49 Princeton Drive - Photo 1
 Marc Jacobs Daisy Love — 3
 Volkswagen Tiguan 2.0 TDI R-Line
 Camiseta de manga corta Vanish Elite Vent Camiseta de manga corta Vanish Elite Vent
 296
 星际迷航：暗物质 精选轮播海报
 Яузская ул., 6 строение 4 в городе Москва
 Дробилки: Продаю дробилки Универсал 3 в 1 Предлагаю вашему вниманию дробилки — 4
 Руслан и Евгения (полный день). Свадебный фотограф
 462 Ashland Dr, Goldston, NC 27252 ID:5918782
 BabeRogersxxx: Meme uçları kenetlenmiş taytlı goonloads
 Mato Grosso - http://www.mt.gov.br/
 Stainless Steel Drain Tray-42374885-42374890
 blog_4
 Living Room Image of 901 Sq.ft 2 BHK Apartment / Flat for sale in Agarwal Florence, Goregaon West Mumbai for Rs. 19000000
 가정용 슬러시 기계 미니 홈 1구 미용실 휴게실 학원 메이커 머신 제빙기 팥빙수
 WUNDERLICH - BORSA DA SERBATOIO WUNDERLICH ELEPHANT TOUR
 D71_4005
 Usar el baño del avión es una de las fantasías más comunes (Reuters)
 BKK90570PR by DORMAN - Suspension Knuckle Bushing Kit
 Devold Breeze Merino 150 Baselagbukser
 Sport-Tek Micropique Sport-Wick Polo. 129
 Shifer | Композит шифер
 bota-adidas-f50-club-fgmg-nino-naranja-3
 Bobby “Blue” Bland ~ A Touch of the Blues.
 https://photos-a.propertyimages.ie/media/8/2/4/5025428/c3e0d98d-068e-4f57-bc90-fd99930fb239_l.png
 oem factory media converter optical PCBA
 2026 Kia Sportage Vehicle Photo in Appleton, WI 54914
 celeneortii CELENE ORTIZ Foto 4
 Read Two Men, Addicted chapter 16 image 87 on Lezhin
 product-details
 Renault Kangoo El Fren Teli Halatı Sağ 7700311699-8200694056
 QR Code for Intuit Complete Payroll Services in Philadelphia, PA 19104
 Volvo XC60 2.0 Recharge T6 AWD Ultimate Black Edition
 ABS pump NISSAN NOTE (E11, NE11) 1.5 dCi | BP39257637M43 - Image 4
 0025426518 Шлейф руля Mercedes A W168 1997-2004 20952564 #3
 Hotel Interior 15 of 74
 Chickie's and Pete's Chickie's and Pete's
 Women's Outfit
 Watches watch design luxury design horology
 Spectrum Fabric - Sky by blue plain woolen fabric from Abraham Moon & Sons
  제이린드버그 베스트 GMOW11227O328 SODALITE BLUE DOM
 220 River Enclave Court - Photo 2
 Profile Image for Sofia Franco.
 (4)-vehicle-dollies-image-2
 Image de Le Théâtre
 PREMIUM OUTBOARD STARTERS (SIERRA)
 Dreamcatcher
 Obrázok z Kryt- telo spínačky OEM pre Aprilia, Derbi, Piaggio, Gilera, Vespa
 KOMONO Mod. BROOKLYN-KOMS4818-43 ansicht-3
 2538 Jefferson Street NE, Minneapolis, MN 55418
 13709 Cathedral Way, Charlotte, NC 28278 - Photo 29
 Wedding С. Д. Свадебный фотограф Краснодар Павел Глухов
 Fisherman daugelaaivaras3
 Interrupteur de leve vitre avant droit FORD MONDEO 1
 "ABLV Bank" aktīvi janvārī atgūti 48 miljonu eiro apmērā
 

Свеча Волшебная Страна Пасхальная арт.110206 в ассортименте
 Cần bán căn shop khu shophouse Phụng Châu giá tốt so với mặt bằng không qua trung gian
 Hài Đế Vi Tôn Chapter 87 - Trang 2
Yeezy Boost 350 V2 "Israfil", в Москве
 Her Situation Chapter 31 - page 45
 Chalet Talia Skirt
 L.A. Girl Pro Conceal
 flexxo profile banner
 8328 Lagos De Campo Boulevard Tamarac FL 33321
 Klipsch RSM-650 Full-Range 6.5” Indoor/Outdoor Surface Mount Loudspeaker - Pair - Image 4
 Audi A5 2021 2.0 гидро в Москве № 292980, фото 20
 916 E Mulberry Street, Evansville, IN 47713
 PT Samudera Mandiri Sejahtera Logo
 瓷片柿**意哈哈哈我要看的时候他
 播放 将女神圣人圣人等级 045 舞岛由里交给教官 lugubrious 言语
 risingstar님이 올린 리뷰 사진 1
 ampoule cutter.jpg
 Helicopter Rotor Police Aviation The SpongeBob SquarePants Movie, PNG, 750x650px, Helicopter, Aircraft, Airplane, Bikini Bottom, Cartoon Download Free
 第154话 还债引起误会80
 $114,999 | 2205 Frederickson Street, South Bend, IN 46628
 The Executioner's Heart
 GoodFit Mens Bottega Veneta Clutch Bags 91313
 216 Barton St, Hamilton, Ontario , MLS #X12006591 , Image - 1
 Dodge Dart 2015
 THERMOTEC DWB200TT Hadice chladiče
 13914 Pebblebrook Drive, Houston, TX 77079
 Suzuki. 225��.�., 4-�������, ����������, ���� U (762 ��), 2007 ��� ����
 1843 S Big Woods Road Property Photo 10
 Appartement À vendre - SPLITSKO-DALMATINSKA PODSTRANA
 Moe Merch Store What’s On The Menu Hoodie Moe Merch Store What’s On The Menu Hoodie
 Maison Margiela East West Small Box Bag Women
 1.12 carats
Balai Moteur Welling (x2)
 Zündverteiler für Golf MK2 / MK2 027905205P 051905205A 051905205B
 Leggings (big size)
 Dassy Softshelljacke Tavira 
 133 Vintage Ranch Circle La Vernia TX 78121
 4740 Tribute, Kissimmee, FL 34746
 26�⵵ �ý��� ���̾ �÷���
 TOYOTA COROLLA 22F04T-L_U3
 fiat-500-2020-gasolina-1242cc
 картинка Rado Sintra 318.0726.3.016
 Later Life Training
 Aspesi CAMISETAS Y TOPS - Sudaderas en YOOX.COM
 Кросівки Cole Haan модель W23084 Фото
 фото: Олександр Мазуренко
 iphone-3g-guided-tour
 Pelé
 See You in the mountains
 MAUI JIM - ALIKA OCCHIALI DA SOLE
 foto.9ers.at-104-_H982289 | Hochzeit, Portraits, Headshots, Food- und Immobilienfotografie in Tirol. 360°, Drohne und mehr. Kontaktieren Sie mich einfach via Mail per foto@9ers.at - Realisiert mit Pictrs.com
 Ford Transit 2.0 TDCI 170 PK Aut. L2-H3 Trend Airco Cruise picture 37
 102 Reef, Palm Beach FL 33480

• • • •

Find the line with "Яузская ул., 6 строение 4 в городе Москва" in the material above. Reproduce it and each line after it up to and including the line with "BabeRogersxxx: Meme uçları".

 Яузская ул., 6 строение 4 в городе Москва
 Дробилки: Продаю дробилки Универсал 3 в 1 Предлагаю вашему вниманию дробилки — 4
 Руслан и Евгения (полный день). Свадебный фотограф
 462 Ashland Dr, Goldston, NC 27252 ID:5918782
 BabeRogersxxx: Meme uçları kenetlenmiş taytlı goonloads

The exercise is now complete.